Cooper follows the lead of Augustine’s most famous work, Confessions, most of which is autobiographical, to tell the story of his life. Augustine’s other most famous work, his massive City of God, gets a brief nod in the final chapter. I found that Cooper provided a proper balance to the influences and motivations of Augustine’s life: his closeness with his mother, his relationships and later determined abstinence, his foray into Manicheism, and his resultant theology of grace. A proper perspective helps overcome the shallow perception that Augustine was wracked with guilt over what he considered a terribly sinful life.
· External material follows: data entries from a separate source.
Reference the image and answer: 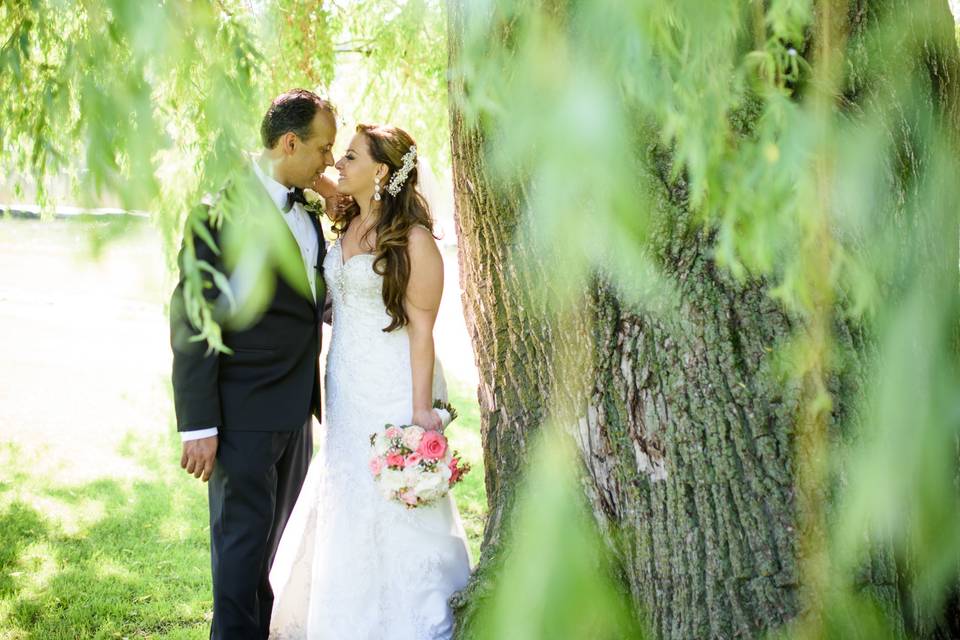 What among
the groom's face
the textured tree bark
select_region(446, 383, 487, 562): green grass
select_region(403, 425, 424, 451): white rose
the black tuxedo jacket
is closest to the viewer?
the textured tree bark

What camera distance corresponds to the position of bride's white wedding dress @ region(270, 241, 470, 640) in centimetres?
329

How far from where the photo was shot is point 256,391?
3.22m

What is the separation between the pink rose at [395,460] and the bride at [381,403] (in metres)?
0.20

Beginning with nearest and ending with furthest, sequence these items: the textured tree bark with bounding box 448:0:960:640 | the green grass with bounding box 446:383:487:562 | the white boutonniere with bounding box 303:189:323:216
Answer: the textured tree bark with bounding box 448:0:960:640 → the white boutonniere with bounding box 303:189:323:216 → the green grass with bounding box 446:383:487:562

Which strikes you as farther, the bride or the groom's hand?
the bride

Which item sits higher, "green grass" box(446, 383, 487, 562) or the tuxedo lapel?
the tuxedo lapel

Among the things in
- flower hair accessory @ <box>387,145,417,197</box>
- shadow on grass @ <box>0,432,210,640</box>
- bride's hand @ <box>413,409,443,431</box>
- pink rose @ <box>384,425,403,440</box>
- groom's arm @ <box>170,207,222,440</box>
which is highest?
flower hair accessory @ <box>387,145,417,197</box>

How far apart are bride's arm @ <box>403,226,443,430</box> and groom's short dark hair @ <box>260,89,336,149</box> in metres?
0.53

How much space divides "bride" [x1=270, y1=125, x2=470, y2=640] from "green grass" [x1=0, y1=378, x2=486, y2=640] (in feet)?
3.12

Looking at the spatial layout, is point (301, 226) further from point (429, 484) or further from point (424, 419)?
point (429, 484)

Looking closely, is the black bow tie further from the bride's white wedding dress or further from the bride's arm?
the bride's arm

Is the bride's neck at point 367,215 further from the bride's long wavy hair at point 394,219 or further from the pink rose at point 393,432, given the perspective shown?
the pink rose at point 393,432

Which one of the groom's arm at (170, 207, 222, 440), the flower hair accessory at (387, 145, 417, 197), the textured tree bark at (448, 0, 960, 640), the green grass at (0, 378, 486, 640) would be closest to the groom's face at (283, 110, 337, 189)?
the flower hair accessory at (387, 145, 417, 197)

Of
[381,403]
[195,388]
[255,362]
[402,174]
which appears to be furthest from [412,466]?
[402,174] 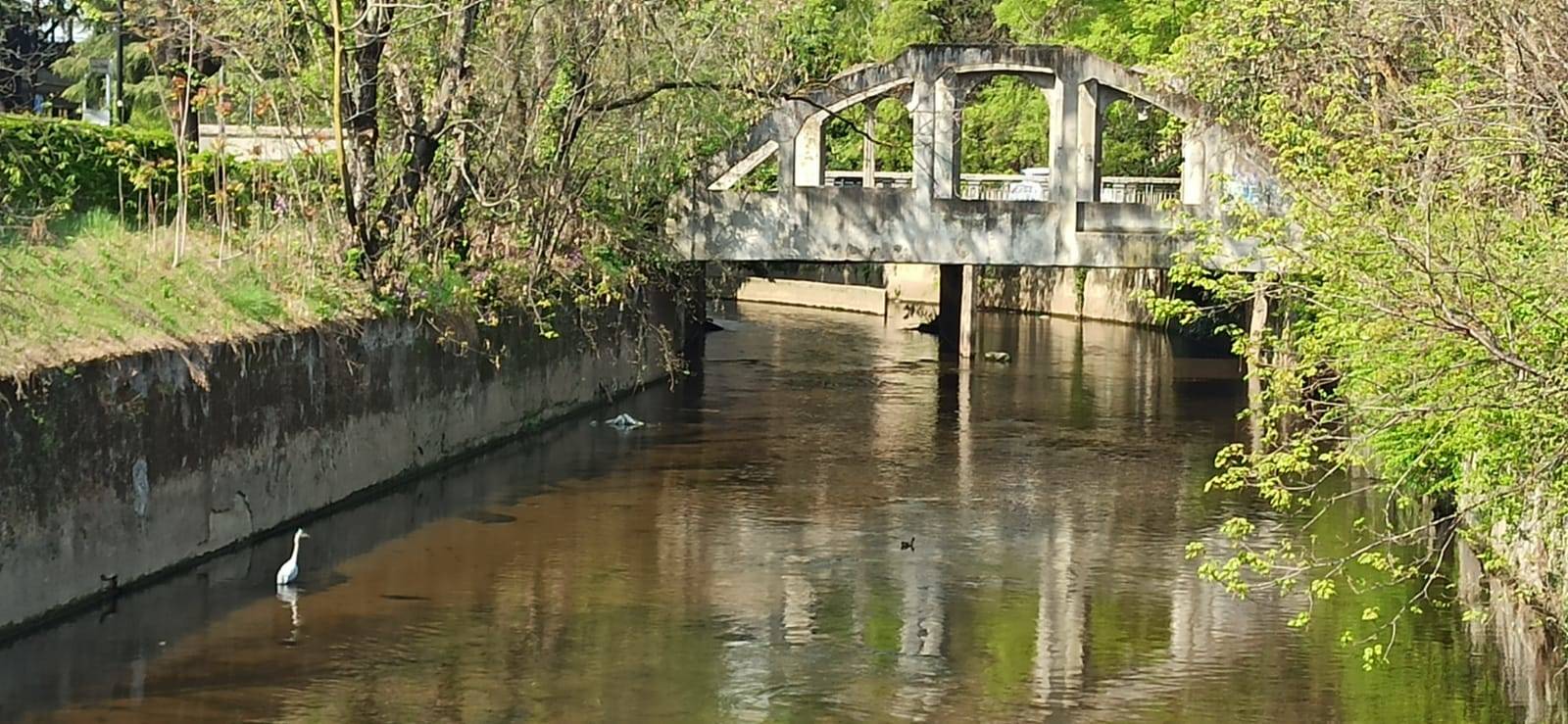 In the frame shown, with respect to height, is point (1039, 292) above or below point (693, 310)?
below

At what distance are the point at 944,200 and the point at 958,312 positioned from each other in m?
14.0

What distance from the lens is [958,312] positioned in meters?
55.8

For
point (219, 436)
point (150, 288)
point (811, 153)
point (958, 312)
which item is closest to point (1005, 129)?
point (958, 312)

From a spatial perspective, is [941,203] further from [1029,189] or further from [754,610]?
[754,610]

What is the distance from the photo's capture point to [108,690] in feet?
61.0

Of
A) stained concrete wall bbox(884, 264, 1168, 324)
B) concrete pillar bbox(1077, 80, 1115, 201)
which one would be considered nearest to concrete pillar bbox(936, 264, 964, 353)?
stained concrete wall bbox(884, 264, 1168, 324)

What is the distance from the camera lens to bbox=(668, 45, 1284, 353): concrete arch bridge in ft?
137

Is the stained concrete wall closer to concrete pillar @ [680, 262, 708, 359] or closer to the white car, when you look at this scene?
the white car

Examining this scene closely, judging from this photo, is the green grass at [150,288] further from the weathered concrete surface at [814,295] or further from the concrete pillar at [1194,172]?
the weathered concrete surface at [814,295]

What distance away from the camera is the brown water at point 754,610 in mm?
18953

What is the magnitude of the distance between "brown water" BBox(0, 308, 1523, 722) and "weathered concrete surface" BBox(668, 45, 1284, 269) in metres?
6.23

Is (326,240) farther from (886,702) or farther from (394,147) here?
(886,702)

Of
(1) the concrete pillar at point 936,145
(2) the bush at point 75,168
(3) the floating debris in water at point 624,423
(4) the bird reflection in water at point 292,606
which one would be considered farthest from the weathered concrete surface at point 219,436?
(1) the concrete pillar at point 936,145

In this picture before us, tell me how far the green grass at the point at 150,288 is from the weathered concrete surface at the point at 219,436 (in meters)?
0.32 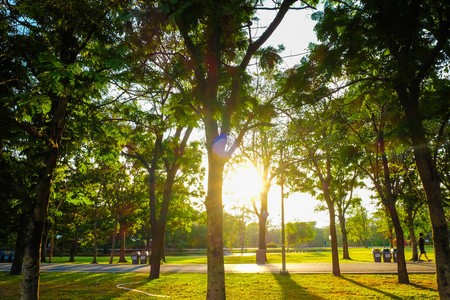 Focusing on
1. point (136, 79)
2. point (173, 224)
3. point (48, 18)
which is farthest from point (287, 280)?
point (173, 224)

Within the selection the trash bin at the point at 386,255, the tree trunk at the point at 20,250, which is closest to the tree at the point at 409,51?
the tree trunk at the point at 20,250

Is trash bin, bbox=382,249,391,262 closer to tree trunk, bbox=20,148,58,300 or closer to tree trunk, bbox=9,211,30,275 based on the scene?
tree trunk, bbox=20,148,58,300

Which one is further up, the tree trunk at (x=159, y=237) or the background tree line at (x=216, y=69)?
the background tree line at (x=216, y=69)

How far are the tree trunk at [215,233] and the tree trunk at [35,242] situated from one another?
495 centimetres

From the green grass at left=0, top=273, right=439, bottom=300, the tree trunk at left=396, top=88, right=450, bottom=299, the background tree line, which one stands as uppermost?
the background tree line

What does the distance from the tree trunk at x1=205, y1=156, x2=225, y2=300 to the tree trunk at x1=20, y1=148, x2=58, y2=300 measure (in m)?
4.95

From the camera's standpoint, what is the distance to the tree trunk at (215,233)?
647 centimetres

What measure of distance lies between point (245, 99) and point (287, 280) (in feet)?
28.4

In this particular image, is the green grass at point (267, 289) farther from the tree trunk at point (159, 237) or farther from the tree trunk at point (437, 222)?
the tree trunk at point (437, 222)

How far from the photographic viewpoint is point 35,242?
27.0ft

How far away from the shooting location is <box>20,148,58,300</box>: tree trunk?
7766 millimetres

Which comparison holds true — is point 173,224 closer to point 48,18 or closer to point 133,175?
point 133,175

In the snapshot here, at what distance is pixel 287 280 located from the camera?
12.7 meters

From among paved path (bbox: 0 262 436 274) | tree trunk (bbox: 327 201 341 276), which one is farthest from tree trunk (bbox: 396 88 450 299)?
paved path (bbox: 0 262 436 274) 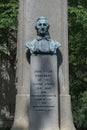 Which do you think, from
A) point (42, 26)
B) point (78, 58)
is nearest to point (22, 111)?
point (42, 26)

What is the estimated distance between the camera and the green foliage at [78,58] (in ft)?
64.0

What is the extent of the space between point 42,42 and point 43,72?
0.96 meters

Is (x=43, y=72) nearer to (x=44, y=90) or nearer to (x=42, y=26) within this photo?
(x=44, y=90)

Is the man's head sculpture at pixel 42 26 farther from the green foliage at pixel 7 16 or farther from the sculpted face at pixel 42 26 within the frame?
→ the green foliage at pixel 7 16

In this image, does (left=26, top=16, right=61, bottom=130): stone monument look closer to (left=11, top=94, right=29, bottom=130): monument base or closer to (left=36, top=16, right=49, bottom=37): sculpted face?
(left=36, top=16, right=49, bottom=37): sculpted face

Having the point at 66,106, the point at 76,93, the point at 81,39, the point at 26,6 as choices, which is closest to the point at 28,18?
the point at 26,6

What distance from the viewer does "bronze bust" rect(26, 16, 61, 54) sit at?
44.7 ft

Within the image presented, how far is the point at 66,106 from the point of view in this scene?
14.3m

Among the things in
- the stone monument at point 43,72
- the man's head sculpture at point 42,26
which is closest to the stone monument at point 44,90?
the stone monument at point 43,72

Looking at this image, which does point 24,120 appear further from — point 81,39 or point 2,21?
point 81,39

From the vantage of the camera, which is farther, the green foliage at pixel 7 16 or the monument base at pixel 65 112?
the green foliage at pixel 7 16

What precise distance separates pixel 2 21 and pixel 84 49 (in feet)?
14.9

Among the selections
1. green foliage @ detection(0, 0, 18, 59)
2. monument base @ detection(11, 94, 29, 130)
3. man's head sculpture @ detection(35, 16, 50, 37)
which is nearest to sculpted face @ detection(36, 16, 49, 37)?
man's head sculpture @ detection(35, 16, 50, 37)

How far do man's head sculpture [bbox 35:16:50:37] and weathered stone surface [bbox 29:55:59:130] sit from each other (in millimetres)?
795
Augustine did indeed condemn his youthful actions, but they hardly ranked very high on the sin scale, and he comes across in this book as much more reasonable, merely cognizant of his shortcomings.
This is not to say his denunciation of Manicheism and acceptance of Christianity was an easy one. He quickly grasped the untruths of astrology and other competing life views, and saw Christianity as the one true way, but was unwilling. One day, before feeling any strong conviction toward Christianity and feeling unfulfilled, he picked up a Bible and it opened to this passage:
Not in revelry and drunkenness, not in chambering and shamelessness, not in strife and envying, but put on the Lord Jesus Christ and make no provision for the flesh” –Romans 13:13–14
He needed to read no further. His past ways were put behind him, and he found the strength to overcome his sinful nature—most of which amounted to a youthful lust for women. Augustine’s reputation as one who condemned the evils of sex (that whole “original sin” thing, you know) is somewhat deserved, but to be fair he was a product of his Christian times. The connection between Christianity and a preference for the virginal or celibate life was not something he or his generation manufactured. Christian asceticism traces its origins to the practices of Jesus and Paul, who were themselves both celibates. By Augustine’s time, this strain of religiosity was in full bloom, and he strove to overcome his “slavery to lust.”
The majority of Cooper’s book, then, is of the formative years of Augustine’s journey, with little attention given to his time as Bishop of Hippo. Fun and engrossing, this is an easy book to recommend.